本発明を実施する際、ロール仕上機メーカーの立場から見れば所望の通気度を有するベルトは市販品を購入することができる。
しかし、市販のベルトの幅寸法はベルトメーカーの規格に基づいて製造供給されているので、ロール仕上機メーカーが設計製作しようとする加熱ロールの長さ寸法と市販ベルトの幅寸法とを整合させるために工夫を要する。
本例においては、求められるロール仕上げ性能に基づいて所要の加熱ローラ長さ寸法とベルトの幅寸法とを算出し、算出された幅寸法と一致するように、複数枚の既製ベルトを並べて所望の幅寸法を得た。
図2を参照して説明した前記第1の実施形態においては、ベルトの走行速度に関して別段の考慮を払わず、従来例(24メートル/分未満)の範囲内で15メートル/分に設定されていたが、第2の実施形態においては新たな実験結果(図3)に基づいてベルトの走行速度を24メートル/分以上の30メートル/分に設定した。
この速度領域(24メートル/分以上)でベルトを走行させることは、未だ曾て試みられたことが無い。
高速走行(24メートル/分以上)の実験結果では、乾燥所要時間の極小値が30,000立方センチメートル/平方センチメートル・分〜50,000立方センチメートル/平方センチメートル・分の間に現れている。
図3に示した第2の実施形態(請求項2)によっても、前記第1の実施形態(請求項1)におけると同様に乾燥所要時間を短縮することができ、ベルト走行速度の上昇によってロール仕上げ作業の能率がいっそう向上する。
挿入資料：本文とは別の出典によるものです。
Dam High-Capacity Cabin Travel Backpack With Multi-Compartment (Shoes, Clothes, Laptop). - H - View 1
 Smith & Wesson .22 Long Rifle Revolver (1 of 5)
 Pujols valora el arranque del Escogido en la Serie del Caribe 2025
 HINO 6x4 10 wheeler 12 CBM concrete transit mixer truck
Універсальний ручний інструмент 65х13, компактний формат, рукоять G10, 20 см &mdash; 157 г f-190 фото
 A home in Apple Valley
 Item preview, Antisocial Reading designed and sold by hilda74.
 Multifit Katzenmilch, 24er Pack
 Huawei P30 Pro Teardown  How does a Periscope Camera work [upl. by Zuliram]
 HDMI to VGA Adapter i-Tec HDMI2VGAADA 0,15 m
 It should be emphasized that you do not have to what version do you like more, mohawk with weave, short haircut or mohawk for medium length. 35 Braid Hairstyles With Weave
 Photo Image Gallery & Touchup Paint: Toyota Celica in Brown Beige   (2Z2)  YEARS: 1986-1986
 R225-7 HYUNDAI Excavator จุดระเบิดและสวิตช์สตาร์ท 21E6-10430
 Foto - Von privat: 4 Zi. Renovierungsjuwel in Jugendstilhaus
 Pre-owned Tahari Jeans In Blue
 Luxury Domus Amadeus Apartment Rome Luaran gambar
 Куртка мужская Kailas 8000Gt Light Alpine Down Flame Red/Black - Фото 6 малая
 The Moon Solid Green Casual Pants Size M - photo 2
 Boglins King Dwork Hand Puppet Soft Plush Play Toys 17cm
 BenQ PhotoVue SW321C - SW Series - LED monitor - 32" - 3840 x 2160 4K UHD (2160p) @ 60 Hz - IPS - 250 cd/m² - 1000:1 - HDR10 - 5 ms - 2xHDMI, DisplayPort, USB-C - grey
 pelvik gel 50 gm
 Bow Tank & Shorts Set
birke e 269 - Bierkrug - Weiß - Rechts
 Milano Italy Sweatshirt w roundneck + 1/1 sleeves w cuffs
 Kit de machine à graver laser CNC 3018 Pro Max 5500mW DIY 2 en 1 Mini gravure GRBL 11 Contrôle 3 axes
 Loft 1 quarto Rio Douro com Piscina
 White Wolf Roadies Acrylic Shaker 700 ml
前掲の図2及び図3は、上記4次元グラフについてベルト走行速度をパラメータとして3次元グラフ(立体グラフ)を想定し、更にベルトのテンションについて、0.15キログラム/センチメートルと1.8キログラム/センチメートルとの2つの面で切断して2本の曲線を得たものである。
そこで、これら2枚のグラフ(2つの実施形態)を参照しつつ、従来技術の領域と本願発明の領域との境界を探求した結果、「本願発明に欠くことができず、かつ、従来技術においては考えられていなかった構成」は、「ベルトの通気度が、20,000立方センチメートル/平方センチメートル・分以上」であることを確認した(請求項3)。
洗濯物5は、図示の点イで挿入され、円弧矢印aのように回動して、図示の点ロで放出される。すなわち、点イから左回り(反時計方向)に点ロまでの間が洗濯物の回動区域である。
上気の回動区域の一部分を緩やかに覆う形の減圧室10を設け、その中の空気をブロワ11で排気して減圧室内の空気を流動させる。
洗濯物に触れているベルトの外側に空気が流れていると、洗濯物から発生した蒸気が速やかに取り除かれ、洗濯物の乾燥がいっそう速くなる。
本発明を実施する場合、減圧室兼加圧室を構成しておき、ブロワ11による吸気と排気とを切り替えることにより、図4に示した改良例として用いたり、図5に示した改良例として用いたり、任意に選択することもできる。
本発明を実施する際、必ずしも減圧室もしくは加圧室を設けなくても、洗濯物が回動する区域においてベルトの外周付近に空気流を発生させれば、図4や図5に示した改良例と同様の効果が得られる。
ベルトの外周付近に空気流を発生させるには、例えば吸気ダクトを設けるとか、空気ノズルを設けるとか、扇風機で風を送るとか、種々の手段が考えられる。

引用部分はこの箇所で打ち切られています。